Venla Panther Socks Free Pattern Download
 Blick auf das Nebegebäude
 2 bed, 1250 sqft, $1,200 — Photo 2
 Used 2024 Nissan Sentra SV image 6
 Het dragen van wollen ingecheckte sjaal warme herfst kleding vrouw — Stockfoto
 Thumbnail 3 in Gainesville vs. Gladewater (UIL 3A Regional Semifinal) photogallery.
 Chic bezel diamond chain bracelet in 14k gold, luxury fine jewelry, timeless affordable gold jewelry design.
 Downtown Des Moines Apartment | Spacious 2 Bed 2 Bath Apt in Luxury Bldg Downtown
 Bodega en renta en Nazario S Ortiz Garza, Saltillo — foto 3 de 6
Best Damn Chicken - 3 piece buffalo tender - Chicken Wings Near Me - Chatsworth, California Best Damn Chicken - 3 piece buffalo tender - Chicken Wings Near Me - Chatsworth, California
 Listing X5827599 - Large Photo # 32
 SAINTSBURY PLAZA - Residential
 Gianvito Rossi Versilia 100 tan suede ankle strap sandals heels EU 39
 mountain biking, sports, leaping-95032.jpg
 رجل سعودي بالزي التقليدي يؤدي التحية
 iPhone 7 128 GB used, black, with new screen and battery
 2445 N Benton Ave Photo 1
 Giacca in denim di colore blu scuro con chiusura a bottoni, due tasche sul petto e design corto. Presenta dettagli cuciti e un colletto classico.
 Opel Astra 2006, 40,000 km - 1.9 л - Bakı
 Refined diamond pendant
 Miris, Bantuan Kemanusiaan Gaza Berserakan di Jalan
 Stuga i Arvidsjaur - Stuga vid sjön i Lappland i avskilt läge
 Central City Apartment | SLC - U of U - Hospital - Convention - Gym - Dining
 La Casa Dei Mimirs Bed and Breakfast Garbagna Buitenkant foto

※

**EXERCISE DETAILS**
In the listing above, the line with "Gianvito Rossi Versilia" and every line after it must be set down word for word, and no other line.

**RESPONSE AREA**
 Gianvito Rossi Versilia 100 tan suede ankle strap sandals heels EU 39
 mountain biking, sports, leaping-95032.jpg
 رجل سعودي بالزي التقليدي يؤدي التحية
 iPhone 7 128 GB used, black, with new screen and battery
 2445 N Benton Ave Photo 1
 Giacca in denim di colore blu scuro con chiusura a bottoni, due tasche sul petto e design corto. Presenta dettagli cuciti e un colletto classico.
 Opel Astra 2006, 40,000 km - 1.9 л - Bakı
 Refined diamond pendant
 Miris, Bantuan Kemanusiaan Gaza Berserakan di Jalan
 Stuga i Arvidsjaur - Stuga vid sjön i Lappland i avskilt läge
 Central City Apartment | SLC - U of U - Hospital - Convention - Gym - Dining
 La Casa Dei Mimirs Bed and Breakfast Garbagna Buitenkant foto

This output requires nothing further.